*TASK TO CARRY OUT:*
Could you write out the lines below exactly, beginning with the first and finishing with the one that contains "Бакуриани: Bakuriani Plaza A407"?

*RECORDS SHOWN:*
Start of Block

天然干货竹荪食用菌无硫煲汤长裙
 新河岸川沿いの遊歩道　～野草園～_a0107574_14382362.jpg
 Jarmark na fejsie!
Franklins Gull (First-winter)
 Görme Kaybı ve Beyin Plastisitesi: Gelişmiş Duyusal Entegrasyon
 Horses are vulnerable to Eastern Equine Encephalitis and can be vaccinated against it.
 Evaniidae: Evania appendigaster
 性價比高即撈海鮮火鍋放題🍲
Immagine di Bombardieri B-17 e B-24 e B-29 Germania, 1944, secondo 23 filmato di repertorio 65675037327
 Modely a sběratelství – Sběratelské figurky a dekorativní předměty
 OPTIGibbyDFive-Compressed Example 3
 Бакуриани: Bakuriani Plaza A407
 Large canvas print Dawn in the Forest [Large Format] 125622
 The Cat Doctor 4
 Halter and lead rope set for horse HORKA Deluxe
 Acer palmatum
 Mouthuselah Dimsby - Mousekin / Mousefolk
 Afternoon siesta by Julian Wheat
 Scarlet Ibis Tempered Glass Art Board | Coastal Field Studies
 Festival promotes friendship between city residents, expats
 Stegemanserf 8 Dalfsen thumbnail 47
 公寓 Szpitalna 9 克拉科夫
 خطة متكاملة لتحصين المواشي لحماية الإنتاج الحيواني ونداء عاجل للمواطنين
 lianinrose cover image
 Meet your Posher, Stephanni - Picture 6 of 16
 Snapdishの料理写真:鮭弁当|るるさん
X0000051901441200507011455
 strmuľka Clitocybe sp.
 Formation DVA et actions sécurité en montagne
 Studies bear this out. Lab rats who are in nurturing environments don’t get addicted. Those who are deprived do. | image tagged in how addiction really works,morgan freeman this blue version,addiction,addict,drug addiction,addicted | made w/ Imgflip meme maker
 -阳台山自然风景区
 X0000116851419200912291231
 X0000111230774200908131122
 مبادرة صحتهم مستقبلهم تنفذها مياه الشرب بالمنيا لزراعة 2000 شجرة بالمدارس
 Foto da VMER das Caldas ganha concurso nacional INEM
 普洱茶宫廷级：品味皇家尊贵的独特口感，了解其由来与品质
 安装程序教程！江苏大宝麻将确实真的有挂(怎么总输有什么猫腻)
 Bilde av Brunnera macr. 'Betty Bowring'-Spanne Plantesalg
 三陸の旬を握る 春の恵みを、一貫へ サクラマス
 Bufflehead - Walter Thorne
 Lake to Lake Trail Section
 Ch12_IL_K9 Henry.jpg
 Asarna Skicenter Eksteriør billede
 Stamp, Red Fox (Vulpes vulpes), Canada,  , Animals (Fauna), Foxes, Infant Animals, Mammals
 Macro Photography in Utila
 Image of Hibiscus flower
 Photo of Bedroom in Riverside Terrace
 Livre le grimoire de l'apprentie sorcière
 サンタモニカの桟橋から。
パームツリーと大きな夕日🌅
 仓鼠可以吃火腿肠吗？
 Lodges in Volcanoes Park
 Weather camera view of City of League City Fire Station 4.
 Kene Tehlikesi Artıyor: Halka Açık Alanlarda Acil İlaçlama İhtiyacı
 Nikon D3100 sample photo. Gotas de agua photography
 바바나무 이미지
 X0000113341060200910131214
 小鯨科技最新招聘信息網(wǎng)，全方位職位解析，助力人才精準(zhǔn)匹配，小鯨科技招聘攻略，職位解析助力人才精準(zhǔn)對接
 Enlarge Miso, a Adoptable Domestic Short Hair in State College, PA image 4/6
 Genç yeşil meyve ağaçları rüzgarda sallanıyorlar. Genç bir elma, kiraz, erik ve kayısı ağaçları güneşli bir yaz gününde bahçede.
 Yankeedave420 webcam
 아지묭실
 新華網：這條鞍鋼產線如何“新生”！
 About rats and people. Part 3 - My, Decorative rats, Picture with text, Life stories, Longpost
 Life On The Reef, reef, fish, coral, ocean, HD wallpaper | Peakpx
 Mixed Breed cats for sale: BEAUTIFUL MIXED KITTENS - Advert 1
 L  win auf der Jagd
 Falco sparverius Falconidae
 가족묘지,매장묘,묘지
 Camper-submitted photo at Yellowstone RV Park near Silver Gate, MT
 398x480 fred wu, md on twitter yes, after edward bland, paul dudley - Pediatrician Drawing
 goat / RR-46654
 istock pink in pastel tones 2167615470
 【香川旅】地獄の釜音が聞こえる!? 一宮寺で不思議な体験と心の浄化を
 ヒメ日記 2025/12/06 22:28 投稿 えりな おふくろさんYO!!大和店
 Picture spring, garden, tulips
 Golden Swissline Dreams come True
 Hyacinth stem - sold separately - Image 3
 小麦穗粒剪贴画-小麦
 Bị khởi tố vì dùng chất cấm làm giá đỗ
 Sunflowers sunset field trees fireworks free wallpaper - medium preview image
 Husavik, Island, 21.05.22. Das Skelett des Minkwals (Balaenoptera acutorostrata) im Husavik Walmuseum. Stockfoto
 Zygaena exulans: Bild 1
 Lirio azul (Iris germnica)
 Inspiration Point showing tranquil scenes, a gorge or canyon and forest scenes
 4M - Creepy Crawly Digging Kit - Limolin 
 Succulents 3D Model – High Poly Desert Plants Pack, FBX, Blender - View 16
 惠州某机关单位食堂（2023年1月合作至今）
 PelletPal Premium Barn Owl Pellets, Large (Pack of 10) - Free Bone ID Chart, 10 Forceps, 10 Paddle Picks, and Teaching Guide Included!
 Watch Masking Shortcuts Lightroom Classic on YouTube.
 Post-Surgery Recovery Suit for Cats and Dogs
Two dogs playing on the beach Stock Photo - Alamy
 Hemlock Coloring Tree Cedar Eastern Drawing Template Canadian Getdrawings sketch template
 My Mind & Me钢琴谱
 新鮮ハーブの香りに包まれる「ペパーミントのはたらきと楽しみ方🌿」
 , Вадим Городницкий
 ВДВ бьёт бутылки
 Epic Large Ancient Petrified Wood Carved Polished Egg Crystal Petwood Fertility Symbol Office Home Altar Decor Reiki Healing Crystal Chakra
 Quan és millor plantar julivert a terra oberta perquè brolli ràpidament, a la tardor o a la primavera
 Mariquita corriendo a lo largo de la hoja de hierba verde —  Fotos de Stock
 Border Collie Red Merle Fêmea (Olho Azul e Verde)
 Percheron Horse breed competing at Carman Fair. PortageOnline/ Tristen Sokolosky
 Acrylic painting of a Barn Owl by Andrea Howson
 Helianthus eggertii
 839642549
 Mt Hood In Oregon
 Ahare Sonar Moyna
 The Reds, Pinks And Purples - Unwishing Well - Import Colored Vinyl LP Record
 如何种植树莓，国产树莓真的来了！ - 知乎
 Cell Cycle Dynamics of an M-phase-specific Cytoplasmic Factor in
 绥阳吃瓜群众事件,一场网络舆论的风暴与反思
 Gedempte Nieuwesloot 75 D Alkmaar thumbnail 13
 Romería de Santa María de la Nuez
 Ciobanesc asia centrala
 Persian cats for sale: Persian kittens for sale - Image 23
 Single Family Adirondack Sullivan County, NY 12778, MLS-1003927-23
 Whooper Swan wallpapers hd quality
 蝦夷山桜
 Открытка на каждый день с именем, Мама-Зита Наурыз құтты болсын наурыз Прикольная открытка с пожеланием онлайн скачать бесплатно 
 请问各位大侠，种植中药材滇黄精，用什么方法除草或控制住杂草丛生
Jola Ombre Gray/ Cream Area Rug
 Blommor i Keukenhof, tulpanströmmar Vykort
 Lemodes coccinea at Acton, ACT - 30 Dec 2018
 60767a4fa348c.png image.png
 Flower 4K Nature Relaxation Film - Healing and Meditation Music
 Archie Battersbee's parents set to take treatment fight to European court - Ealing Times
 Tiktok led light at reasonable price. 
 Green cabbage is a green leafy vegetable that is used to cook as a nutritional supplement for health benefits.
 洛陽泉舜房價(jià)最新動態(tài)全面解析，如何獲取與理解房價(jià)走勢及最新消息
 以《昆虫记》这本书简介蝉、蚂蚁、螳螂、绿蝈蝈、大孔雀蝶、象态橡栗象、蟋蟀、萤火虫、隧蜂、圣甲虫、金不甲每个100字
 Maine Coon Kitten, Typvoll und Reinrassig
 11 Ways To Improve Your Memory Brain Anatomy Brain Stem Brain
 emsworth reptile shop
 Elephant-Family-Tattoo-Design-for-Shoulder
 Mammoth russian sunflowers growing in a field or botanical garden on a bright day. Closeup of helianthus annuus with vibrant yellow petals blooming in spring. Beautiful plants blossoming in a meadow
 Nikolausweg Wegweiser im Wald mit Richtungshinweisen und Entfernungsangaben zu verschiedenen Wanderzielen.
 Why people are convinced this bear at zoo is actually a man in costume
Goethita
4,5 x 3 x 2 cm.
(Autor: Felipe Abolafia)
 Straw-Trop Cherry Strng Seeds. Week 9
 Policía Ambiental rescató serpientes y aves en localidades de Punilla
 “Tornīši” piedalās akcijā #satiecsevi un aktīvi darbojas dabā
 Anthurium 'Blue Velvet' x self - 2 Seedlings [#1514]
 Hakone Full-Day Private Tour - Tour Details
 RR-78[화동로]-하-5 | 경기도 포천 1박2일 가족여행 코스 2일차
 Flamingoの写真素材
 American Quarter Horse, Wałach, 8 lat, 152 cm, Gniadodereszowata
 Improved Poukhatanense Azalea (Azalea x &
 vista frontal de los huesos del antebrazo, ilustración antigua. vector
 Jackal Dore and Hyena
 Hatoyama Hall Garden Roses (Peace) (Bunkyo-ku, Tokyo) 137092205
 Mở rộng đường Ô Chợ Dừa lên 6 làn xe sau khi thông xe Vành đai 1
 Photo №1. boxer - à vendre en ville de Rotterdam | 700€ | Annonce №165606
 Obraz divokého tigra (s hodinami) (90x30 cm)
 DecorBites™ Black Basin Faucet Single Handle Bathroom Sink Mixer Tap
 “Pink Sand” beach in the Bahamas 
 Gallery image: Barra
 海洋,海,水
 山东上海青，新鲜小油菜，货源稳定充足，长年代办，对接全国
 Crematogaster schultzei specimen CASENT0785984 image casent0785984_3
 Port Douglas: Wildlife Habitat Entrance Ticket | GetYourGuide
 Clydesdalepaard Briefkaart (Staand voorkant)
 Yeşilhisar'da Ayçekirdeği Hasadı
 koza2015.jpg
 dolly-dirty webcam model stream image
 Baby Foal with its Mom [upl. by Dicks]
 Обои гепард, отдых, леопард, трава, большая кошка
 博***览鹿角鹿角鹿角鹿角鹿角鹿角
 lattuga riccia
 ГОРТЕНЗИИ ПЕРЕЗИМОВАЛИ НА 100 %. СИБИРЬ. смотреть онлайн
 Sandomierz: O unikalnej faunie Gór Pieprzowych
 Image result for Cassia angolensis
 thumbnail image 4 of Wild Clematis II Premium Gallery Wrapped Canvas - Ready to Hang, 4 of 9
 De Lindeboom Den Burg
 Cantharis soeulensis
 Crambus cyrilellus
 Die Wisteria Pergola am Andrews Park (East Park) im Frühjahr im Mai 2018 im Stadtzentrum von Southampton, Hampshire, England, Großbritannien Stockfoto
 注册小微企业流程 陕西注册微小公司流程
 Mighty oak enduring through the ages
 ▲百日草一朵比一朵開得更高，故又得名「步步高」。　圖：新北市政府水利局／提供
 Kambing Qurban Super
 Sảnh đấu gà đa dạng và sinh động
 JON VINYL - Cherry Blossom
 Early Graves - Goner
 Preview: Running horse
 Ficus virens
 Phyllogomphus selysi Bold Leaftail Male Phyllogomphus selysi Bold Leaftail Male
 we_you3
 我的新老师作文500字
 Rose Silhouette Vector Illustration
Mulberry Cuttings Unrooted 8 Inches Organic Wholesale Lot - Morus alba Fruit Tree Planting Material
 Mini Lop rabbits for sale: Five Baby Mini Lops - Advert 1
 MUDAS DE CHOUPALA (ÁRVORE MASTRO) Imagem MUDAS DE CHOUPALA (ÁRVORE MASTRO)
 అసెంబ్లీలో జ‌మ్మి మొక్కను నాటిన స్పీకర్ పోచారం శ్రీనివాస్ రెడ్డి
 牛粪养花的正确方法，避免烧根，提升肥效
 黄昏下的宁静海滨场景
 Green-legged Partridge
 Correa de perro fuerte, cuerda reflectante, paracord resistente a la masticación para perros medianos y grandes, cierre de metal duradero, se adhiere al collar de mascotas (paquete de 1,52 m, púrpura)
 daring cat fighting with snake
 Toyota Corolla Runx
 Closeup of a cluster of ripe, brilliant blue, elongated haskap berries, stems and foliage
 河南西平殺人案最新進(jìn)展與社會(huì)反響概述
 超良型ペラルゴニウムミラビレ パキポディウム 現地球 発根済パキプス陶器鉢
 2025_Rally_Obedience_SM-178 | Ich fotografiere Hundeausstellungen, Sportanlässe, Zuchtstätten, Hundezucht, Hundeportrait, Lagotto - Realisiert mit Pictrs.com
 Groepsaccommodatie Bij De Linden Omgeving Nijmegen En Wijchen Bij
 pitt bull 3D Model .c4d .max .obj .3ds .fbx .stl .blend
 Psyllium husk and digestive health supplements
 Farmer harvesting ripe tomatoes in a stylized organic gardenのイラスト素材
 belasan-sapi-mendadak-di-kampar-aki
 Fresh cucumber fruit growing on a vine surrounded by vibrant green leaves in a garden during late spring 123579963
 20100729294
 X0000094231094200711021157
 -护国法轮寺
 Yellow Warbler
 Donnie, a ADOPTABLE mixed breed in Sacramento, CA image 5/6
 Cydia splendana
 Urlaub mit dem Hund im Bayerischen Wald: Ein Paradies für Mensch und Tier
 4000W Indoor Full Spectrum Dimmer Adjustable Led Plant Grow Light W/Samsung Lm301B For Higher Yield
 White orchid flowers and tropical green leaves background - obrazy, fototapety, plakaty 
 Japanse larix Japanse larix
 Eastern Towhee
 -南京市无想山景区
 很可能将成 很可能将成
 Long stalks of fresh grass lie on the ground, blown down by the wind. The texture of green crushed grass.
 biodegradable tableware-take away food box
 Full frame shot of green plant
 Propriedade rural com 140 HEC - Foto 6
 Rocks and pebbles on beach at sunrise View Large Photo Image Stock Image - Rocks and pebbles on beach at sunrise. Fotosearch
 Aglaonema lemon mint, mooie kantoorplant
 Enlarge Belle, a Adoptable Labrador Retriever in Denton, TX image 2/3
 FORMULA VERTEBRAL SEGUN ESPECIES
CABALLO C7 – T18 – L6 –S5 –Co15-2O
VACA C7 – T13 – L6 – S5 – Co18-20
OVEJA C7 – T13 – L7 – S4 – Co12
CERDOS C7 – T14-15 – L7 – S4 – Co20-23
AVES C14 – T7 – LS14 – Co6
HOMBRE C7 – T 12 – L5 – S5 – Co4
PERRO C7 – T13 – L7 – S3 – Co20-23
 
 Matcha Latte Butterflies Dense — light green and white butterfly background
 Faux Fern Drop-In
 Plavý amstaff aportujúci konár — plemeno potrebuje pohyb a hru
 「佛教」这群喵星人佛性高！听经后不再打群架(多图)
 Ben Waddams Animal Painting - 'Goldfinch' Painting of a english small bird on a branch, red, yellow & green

End of Block

*WRITTEN RESPONSE:*
天然干货竹荪食用菌无硫煲汤长裙
 新河岸川沿いの遊歩道　～野草園～_a0107574_14382362.jpg
 Jarmark na fejsie!
Franklins Gull (First-winter)
 Görme Kaybı ve Beyin Plastisitesi: Gelişmiş Duyusal Entegrasyon
 Horses are vulnerable to Eastern Equine Encephalitis and can be vaccinated against it.
 Evaniidae: Evania appendigaster
 性價比高即撈海鮮火鍋放題🍲
Immagine di Bombardieri B-17 e B-24 e B-29 Germania, 1944, secondo 23 filmato di repertorio 65675037327
 Modely a sběratelství – Sběratelské figurky a dekorativní předměty
 OPTIGibbyDFive-Compressed Example 3
 Бакуриани: Bakuriani Plaza A407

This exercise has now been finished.